* ASSIGNMENT
Begin at the first line below and copy each line exactly, ending with the line where "2025年最新】doTERRA イージーエアの人気アイテム - メルカリ" appears.

[Items listed in a dataset]
◇ ◇ ◇ ◇ ◇ ◇ ◇

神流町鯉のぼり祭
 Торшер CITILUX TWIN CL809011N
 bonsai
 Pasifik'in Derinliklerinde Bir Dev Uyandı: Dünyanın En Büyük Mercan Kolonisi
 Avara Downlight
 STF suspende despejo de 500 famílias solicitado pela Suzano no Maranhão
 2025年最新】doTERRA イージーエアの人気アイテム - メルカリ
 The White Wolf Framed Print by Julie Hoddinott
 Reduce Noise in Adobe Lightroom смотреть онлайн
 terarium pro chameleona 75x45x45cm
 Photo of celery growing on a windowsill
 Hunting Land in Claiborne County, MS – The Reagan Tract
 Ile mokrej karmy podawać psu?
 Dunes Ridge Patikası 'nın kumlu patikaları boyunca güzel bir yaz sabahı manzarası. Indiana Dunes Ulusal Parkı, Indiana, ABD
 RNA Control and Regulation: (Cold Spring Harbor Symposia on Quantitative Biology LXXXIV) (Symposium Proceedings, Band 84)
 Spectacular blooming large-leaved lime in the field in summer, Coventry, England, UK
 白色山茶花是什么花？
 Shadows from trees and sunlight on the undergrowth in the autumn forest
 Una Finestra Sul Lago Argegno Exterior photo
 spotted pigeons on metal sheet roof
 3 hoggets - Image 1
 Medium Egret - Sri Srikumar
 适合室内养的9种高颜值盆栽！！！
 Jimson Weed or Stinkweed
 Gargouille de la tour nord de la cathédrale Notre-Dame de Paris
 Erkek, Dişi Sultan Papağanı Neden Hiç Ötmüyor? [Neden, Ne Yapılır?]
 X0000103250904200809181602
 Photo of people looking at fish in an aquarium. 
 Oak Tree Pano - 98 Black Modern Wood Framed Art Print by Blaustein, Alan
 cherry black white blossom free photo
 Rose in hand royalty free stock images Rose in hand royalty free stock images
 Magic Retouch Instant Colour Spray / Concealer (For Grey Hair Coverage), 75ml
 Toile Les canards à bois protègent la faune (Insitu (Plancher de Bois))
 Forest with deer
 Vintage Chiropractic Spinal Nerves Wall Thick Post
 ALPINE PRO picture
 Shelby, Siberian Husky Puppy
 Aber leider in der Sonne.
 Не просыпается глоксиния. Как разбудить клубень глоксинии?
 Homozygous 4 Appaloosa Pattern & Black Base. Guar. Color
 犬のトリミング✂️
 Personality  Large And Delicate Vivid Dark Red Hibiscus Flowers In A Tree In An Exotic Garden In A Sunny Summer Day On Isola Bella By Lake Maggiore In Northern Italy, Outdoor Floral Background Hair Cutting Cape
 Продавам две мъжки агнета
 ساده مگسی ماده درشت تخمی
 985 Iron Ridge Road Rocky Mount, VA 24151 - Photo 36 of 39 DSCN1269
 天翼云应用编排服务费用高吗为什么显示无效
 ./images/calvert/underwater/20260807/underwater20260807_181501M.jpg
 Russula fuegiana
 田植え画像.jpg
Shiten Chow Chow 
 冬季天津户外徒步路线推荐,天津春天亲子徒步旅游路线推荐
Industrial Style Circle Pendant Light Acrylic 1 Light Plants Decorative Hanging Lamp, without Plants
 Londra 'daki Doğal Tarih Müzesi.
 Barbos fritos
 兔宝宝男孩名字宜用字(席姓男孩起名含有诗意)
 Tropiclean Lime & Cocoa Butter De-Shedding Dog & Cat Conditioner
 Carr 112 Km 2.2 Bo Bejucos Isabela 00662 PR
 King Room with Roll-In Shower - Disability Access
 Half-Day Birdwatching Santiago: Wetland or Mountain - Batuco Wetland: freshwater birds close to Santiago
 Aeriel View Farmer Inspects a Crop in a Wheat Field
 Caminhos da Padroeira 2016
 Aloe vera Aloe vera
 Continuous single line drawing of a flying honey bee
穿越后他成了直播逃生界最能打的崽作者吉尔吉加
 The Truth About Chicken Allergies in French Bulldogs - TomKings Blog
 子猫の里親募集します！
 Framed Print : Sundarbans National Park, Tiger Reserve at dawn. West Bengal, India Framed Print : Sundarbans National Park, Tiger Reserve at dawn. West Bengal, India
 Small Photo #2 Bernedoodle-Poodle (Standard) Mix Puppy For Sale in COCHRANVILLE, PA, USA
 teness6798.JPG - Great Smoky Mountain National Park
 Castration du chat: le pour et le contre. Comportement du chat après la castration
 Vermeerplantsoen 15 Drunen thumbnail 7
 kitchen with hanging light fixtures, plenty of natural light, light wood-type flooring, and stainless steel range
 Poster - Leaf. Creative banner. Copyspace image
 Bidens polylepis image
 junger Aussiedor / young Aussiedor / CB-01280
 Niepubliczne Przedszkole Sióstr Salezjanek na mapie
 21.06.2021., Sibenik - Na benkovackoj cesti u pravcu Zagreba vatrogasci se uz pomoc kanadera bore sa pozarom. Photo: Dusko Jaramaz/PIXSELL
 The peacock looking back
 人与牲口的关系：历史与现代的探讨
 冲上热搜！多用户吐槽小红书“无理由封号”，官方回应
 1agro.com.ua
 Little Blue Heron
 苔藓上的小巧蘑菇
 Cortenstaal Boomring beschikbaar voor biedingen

◇ ◇ ◇ ◇ ◇ ◇ ◇

* SOLUTION
神流町鯉のぼり祭
 Торшер CITILUX TWIN CL809011N
 bonsai
 Pasifik'in Derinliklerinde Bir Dev Uyandı: Dünyanın En Büyük Mercan Kolonisi
 Avara Downlight
 STF suspende despejo de 500 famílias solicitado pela Suzano no Maranhão
 2025年最新】doTERRA イージーエアの人気アイテム - メルカリ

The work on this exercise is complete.